Avec l'appui du conseil d'établissement, un «comité des vêtements scolaires» réunissait depuis l'automne la présidente du conseil des élèves, trois enseignants et une conseillère d'orientation. Maintenant que la décision d'implantation a été confirmée, d'autres élèves et membres du personnel se grefferont au comité pour développer la suite des choses, toujours dans une optique la plus démocratique possible.

D'ici la fin de l'année scolaire, on procédera au choix de la collection de vêtements avec une possibilité de vote pour certains éléments. En septembre 2015, les parents pourront rencontrer les représentants de Flip Design, et la collection 2016-2017 sera dévoilée en octobre. Les commandes pour cette première rentrée avec vêtements scolaires se feront en avril et mai 2016 et les vêtements devraient être livrés en août.

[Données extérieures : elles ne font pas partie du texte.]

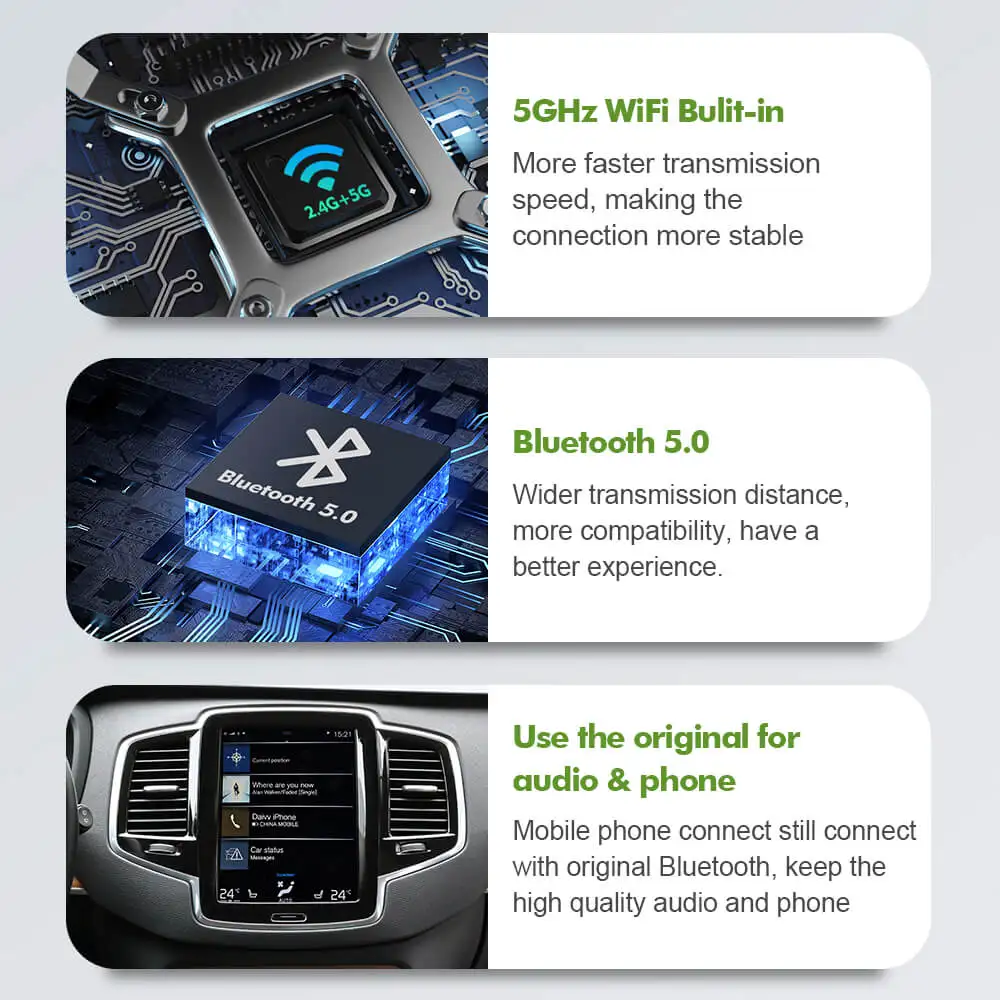 ISUDAR Wireless Carplay Module For Volvo XC90/XC60/XC40/S90/S60/V90/V60 Carplay AI Upgrade Adapter Android Auto Hicar Bluetooth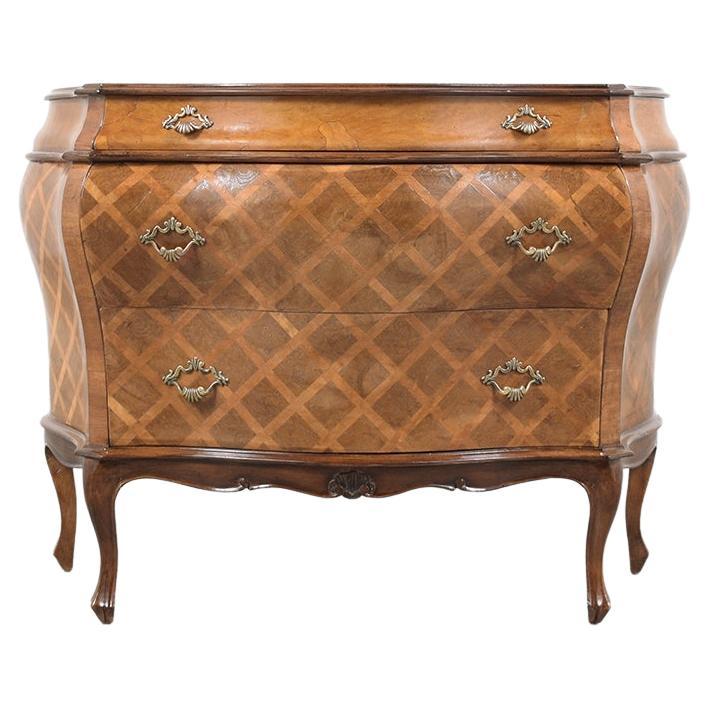Italian Vintage Commode: Restored Wood and Marquetry Veneer Bombay Chest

Une garde-robe de base comprenant deux pantalons et trois polos coûterait en moyenne 136 $ la première année. «Le but n'était pas de vider les poches des parents. Du soutien financier pourra être offert pour les parents qui auraient de la difficulté. Nous voulons aussi ouvrir une friperie au sein de l'école. Nous avons une préoccupation d'être écoresponsables», conclut Mme Couturier.

À ce jour, au niveau secondaire dans les commissions scolaires du Chemin-du-Roy et de l'Énergie, seule l'école Val-Mauricie du secteur Shawinigan-Sud impose une collection vestimentaire.